# Task prompt:
With the pictures left out, restate every entry word for word.

# Records supplied:
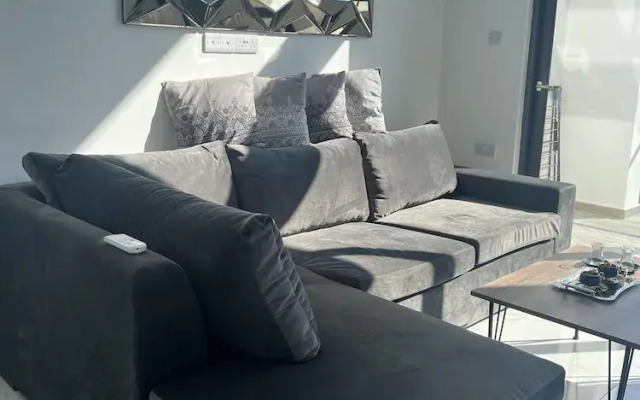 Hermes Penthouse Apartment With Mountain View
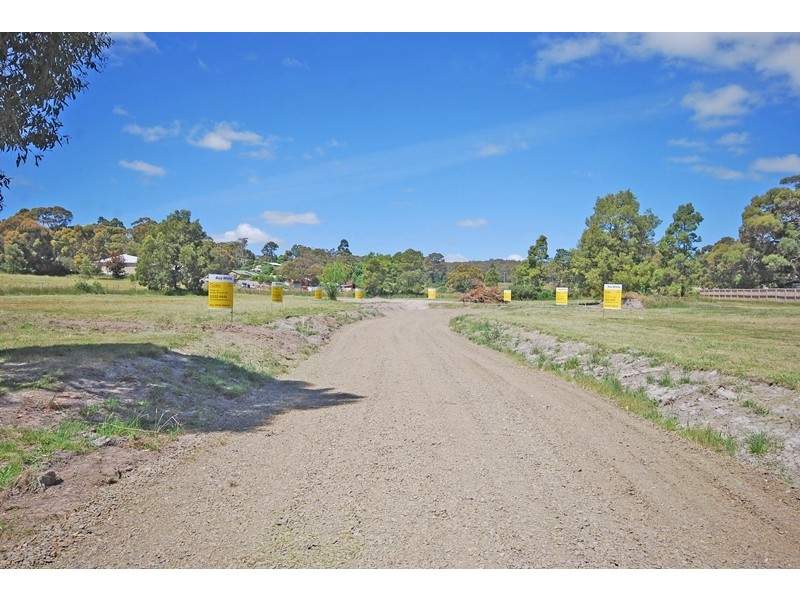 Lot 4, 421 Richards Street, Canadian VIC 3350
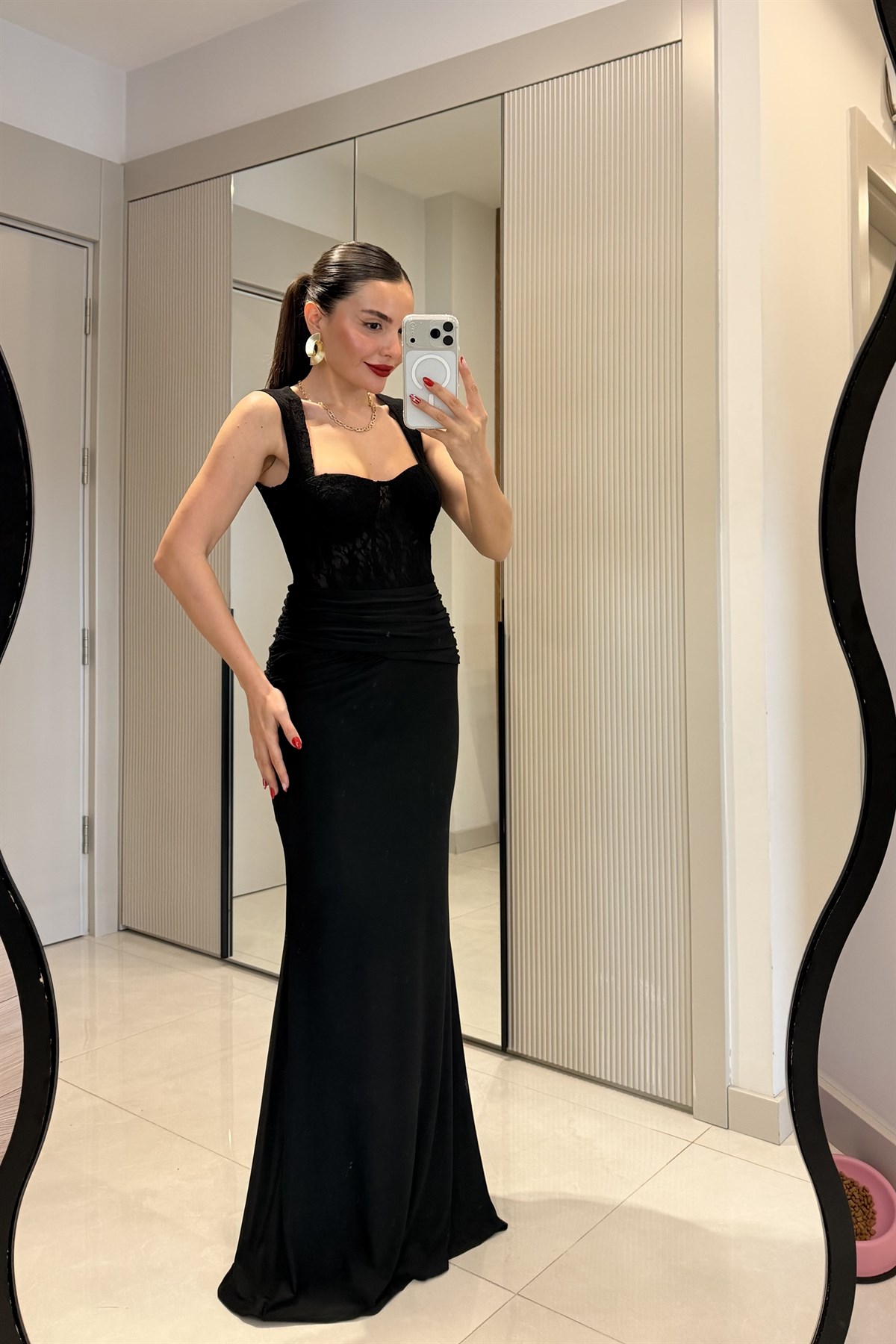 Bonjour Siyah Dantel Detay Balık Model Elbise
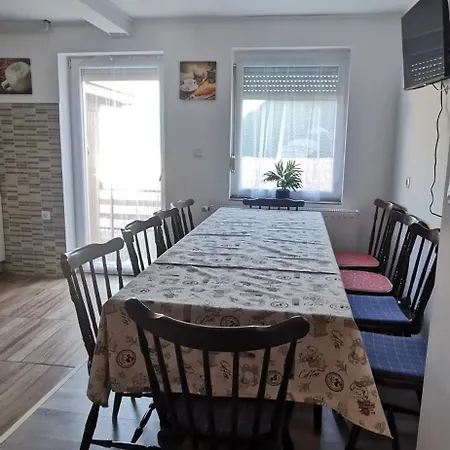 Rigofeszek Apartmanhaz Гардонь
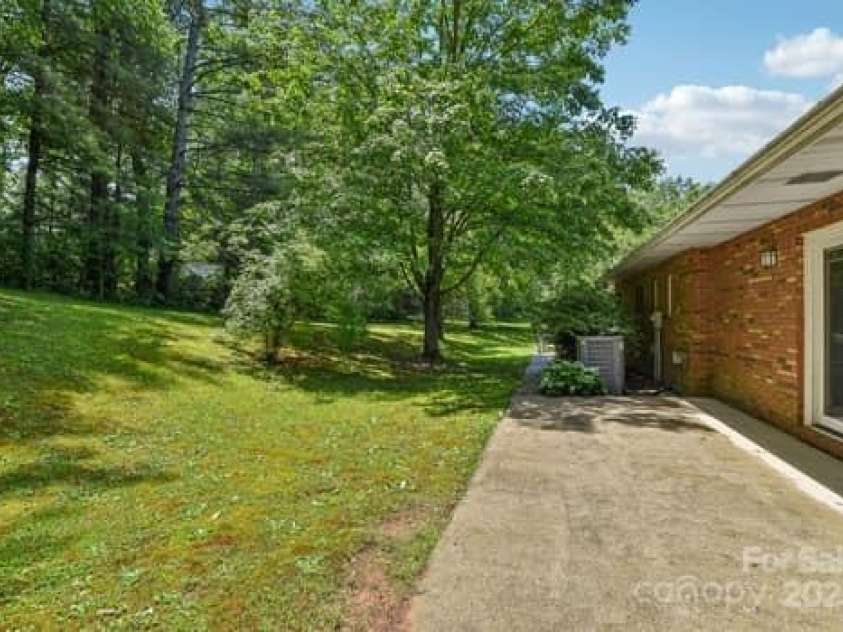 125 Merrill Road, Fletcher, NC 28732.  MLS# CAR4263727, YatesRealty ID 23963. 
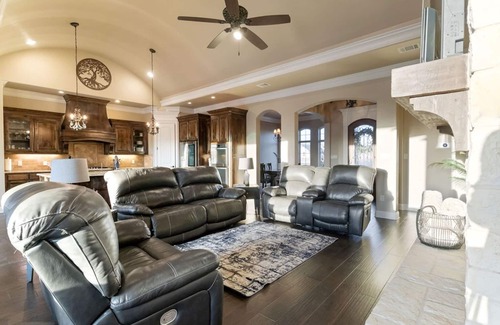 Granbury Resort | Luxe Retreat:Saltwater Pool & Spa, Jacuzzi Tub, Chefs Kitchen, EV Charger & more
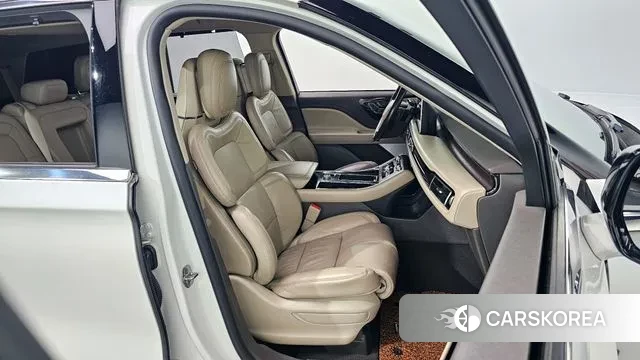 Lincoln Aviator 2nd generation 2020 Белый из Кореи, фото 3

# Solution below:
 Hermes Penthouse Apartment With Mountain View
 Lot 4, 421 Richards Street, Canadian VIC 3350
 Bonjour Siyah Dantel Detay Balık Model Elbise
 Rigofeszek Apartmanhaz Гардонь
 125 Merrill Road, Fletcher, NC 28732.  MLS# CAR4263727, YatesRealty ID 23963. 
 Granbury Resort | Luxe Retreat:Saltwater Pool & Spa, Jacuzzi Tub, Chefs Kitchen, EV Charger & more
 Lincoln Aviator 2nd generation 2020 Белый из Кореи, фото 3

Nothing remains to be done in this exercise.